The Georgia Public Service Commission has approved plans for the Mossy Branch Battery Facility. The 65-MW/260-MWh grid-charging battery system will be sited on 2.5 acres in Talbot County near Columbus, Ga.
It will connect into the Georgia Integrated Transmission System and will be part of a larger future 80-MW battery energy storage portfolio already approved in Georgia Power’s 2019 integrated resource plant.
“It is an exciting time to be working on new ways to maximize the value of sustainable, renewable energy and the addition of battery storage complements and enhances the value of renewable generation,” Wilson Mallard, Georgia Power’s renewable development director, said in a statement. “The Mossy Branch project will help the company evaluate the value of benefits battery storage provides to the electric system, as well as learn how to optimize operation and maintenance of the BESS facilities.”

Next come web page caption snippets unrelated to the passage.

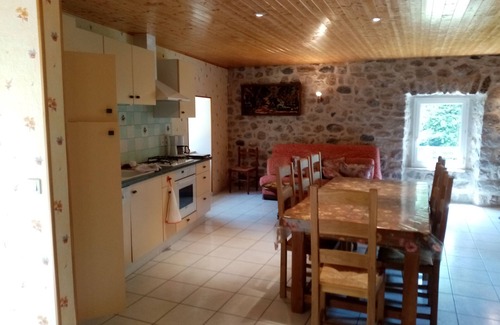 Dornas House | Le Moulin de la Chèze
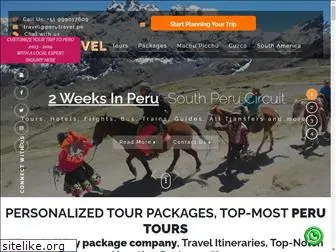 perutravel.pe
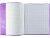 Bild 1 HERMA Einbandfolie Plus quart hoch Violett, Produkttyp
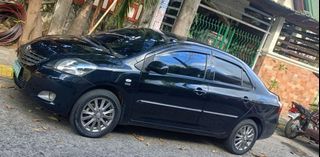 Toyota Vios 1.3 G Auto
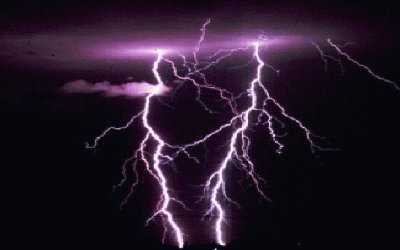 Lightning Picture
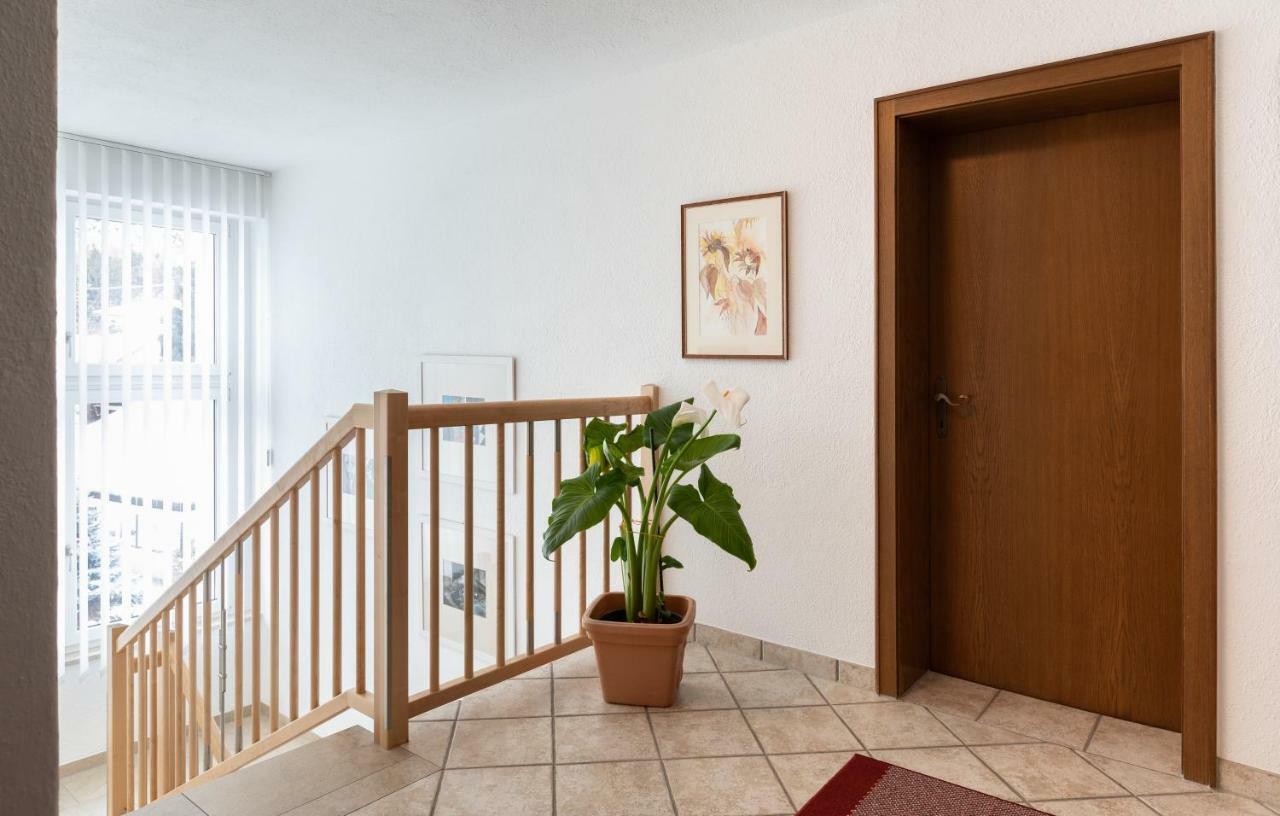 ホテル Gastehaus Frischhut ナッセライト エクステリア 写真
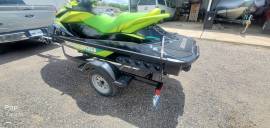 2019, Sea-Doo, GTI SE155
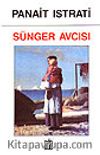 Sünger Avcısı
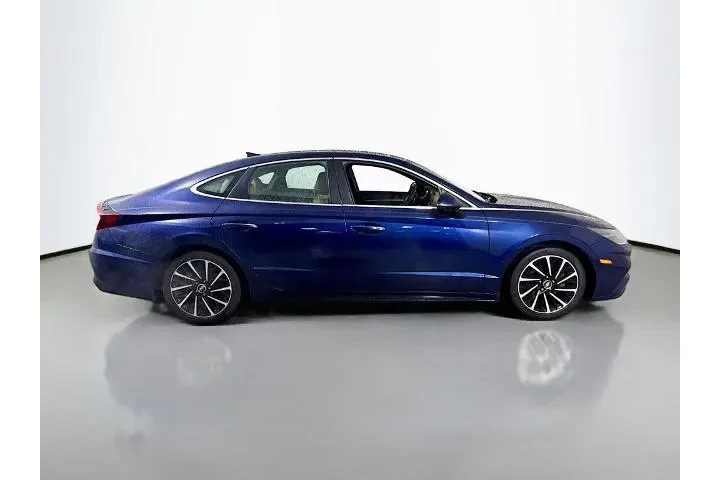 $22900 : Hyundai SONATA 2021 Limited image 8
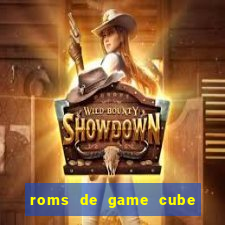 roms de game cube pt br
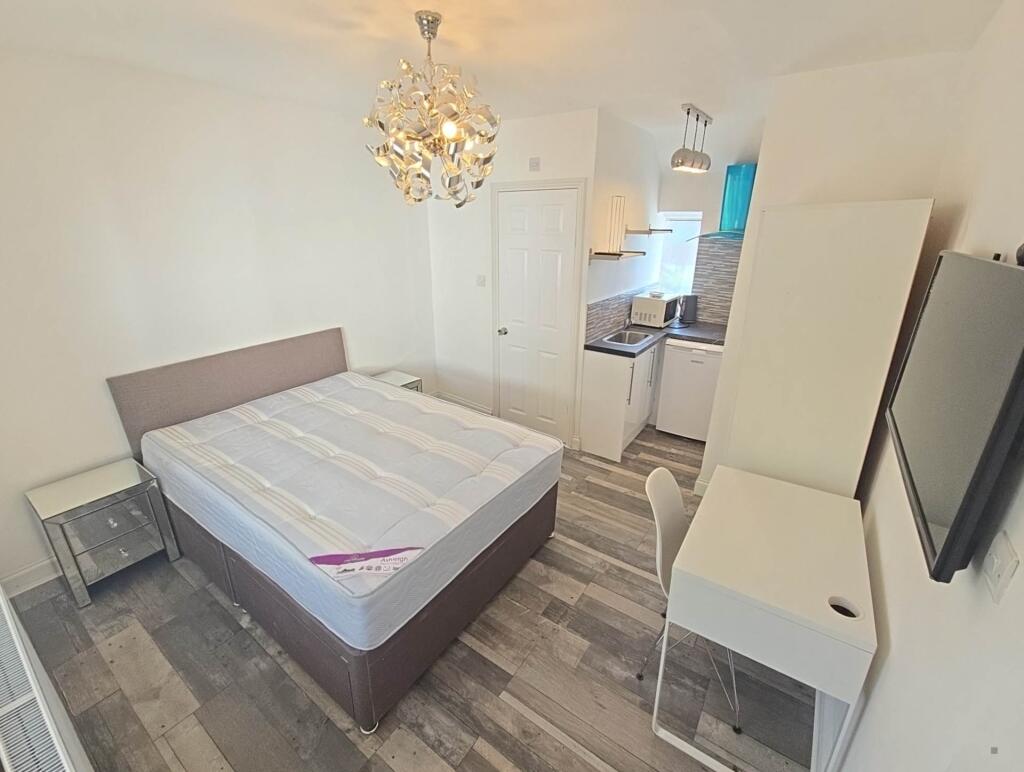 Main image of property: Stockton Road, South Reading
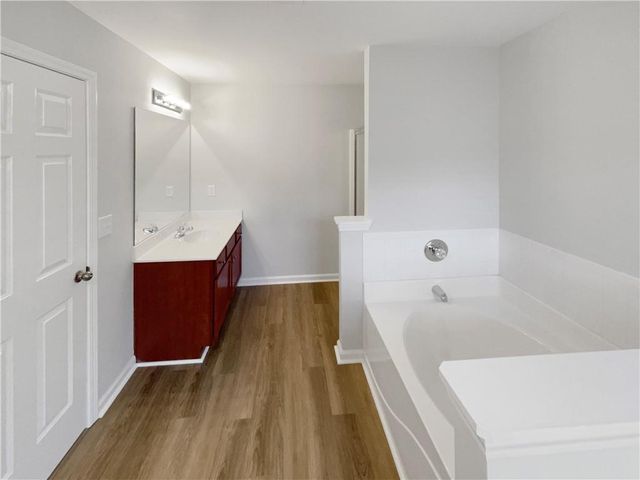 1622 Halliard Drive, Lawrenceville, GA 30043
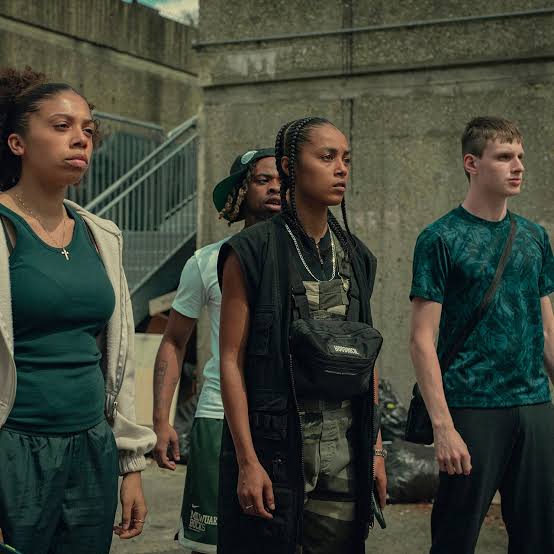 Top Boy: Why There Isn't Going To Be A Season Six | Glamour UK
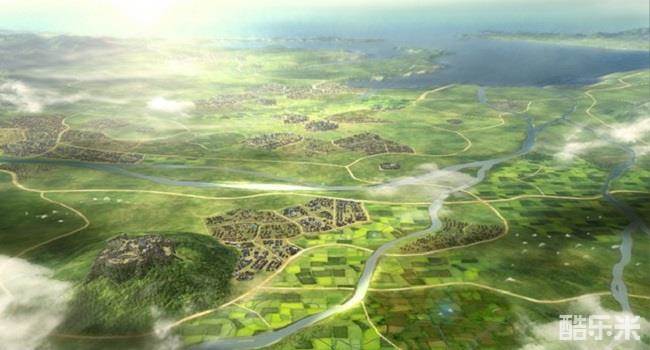 信长之野望：创造战国立志传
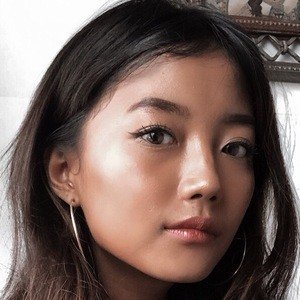 Angelina Pongener, 28 (Blogger)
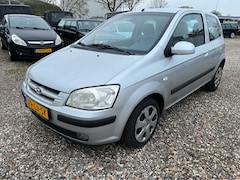 Hyundai Getz - 1.6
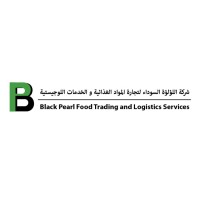 Black Pearl Food Trading and Logistics Services logo - Similar company to Distech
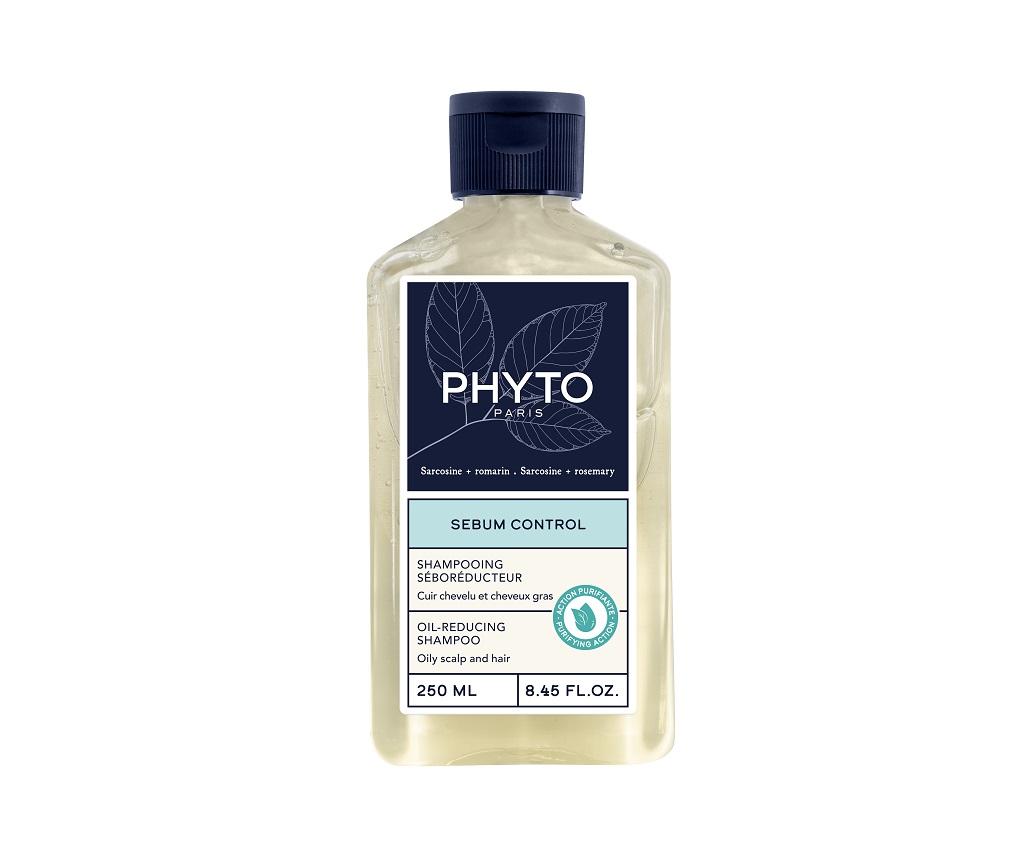 Oil-Reducing Shampoo 250ml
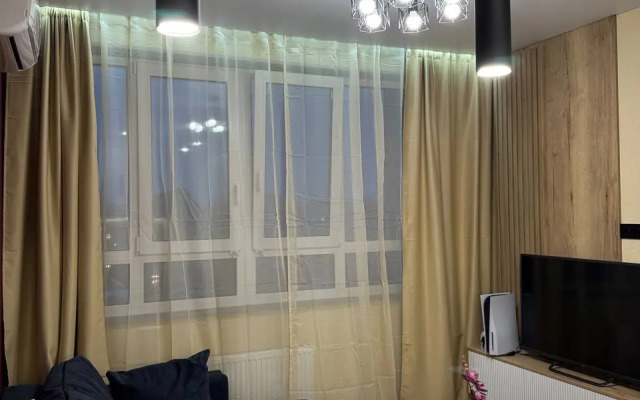 Квартира Balanse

The Mossy Branch Battery Facility will be designed as a standalone—not pairing with solar or wind—and will connect to and charge directly from the electric transmission grid. Georgia Power has selected Wärtsilä to provide the projects engineering, procurement and construction services.
The utility will use Mossy Branch as a way to evaluate the real-time performance and economics of the battery storage system, as well as refine maintenance practices on such projects, according to the company.
U.S. utility-scale energy storage capacity is climbing rapidly as a means of helping balance intermittent renewable energy technologies and an electricity resource unto itself. The American Clean Power Associated recently reported that about 570 MW of newly installed energy storage capacity was completed in the second quarter, bringing the U.S. total to nearly 665 MW with half a year remaining at the time of the report.
The biggest BESS project to date is Vistra Energy’s Moss Landing facility in Monterrey County, California. The Moss Landing project totals 300 MW/1,200-MWh in its completed first phase, while a second stage would raise that to 400/1,600-MWh.